Opinion
F041954.
7-16-2003
Marin Williamson, under appointment by the Court of Appeal, for Defendant and Appellant. B.C. Barmann, Sr., County Counsel, and Jennifer L. Thurston, Deputy County Counsel, for Plaintiff and Respondent.
Minors Tiffany, Jessica and Kevin M. appeal from orders terminating parental rights (Welf. & Inst. Code, § 366.26) to their younger siblings, Austin and Candie. Appellants contend the court erred because there is a substantial relationship between them and the younger children such that termination would cause Austin and Candie to suffer detriment. On review, we disagree and will affirm.
All statutory references are to the Welfare and Institutions Code unless otherwise indicated.
PROCEDURAL AND FACTUAL HISTORY
All five children came to the attention of and were detained by respondent Kern County Department of Human Services (the department) in the fall of 1999 after Tiffany, then age 12, reported their father repeatedly beat them. At that time, Jessica was age 10, Kevin age 9, Austin age 3 and Candie was approaching her second birthday. The department placed appellants with relatives while it placed Austin and Candie together in a foster home.
The Kern County Superior Court exercised its dependency jurisdiction over the children in November 1999 under section 300, subdivision (a) for physical abuse and subdivision (b) for failure to protect and later adjudged them dependent children. The department returned the children home twice for brief periods only to re-detain them due to on-going neglect. With each re-detention, appellants were placed in relative care while Austin and Candie returned to the same foster family. The children visited with each other apparently every other week.
As of May 2002, the childrens mother died and their father failed to comply with the courts service plan. Notably, part of the service plan was conjoint therapy for the parents and appellants. They made such poor progress in resolving their anger towards one another that Austin and Candie could not be included in the family therapy. The court in turn terminated reunification services, ordered appellants into long-term foster care with a maternal relative, and set a section 366.26 hearing to select and implement plan for Austin and Candie. By that time, their foster family had expressed a desire to adopt the two.
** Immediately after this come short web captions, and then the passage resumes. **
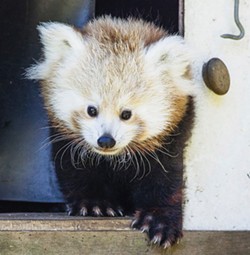 COURTESY OF THE SEQUOIA PARK ZOO. - Masala was one of two red panda cubs born to Stella Luna and Sumo at the zoo in July of 2014.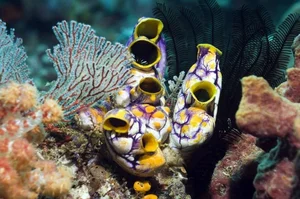 Nature's Wonders: Incredible Brainless Predators That Rule the Ocean - image 12
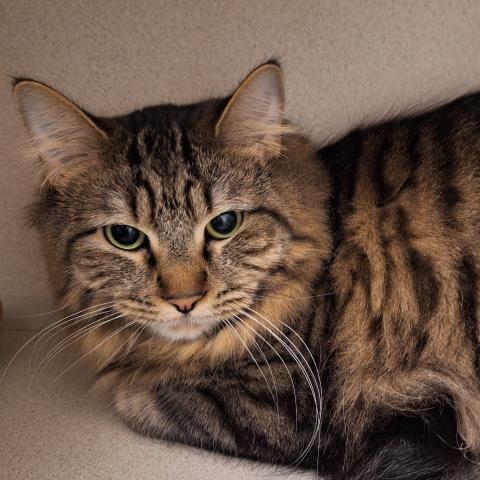  - Male - Domestic LH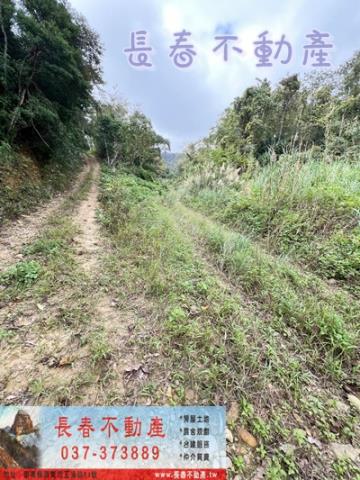 苗栗銅鑼農地-6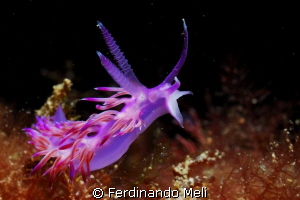 Flabellina affinis by Ferdinando Meli 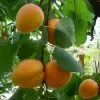 Future Forests Apricot Bredase Fruit 1 Future Forests Apricot Bredase Fruit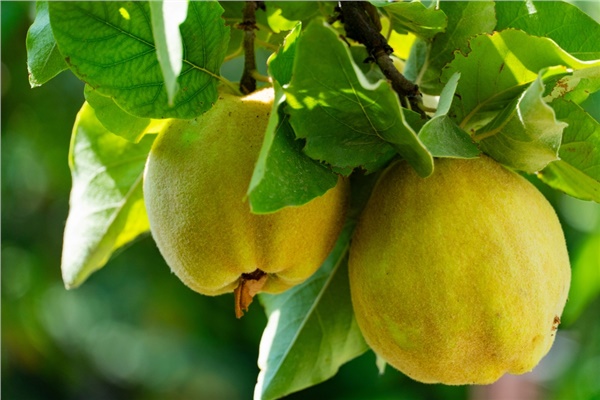 Ayvada takipçi yaklaşıyor Ayvada takipçi yaklaşıyor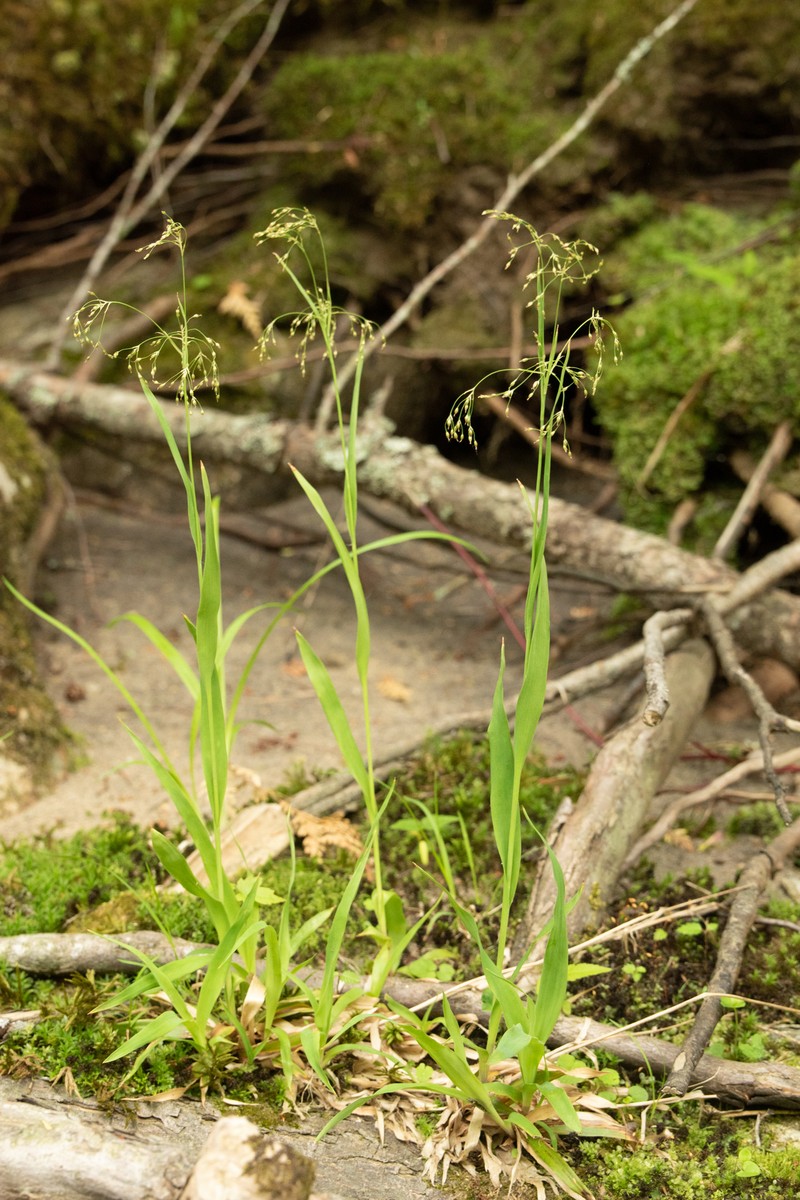 Luzula parviflora subsp. melanocarpa photo 3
The court ultimately conducted the section 366.26 hearing in November 2002. In the interim, the department filed its assessment report recommending the court find Austin and Candie adoptable and order parental rights terminated. At the section 366.26 hearing, appellants urged the court to find termination of parental rights would be detrimental to Austin and Candie because of their sibling relationship with appellants ( § 366.26, subd. (c)(a)(E)). Appellants disputed the departments assessment that there did not appear to be a strong bond between the siblings and the benefits of legal permanence through adoption far outweighed the connection between appellants and their younger siblings. To that end, appellants and their father presented the testimony of several witnesses, including Austin then age 6, appellants Tiffany and Jessica, their relative caretaker, their father, two social workers and an aide who previously supervised visitation. In general, the testimony focused on the quality of the childrens visits.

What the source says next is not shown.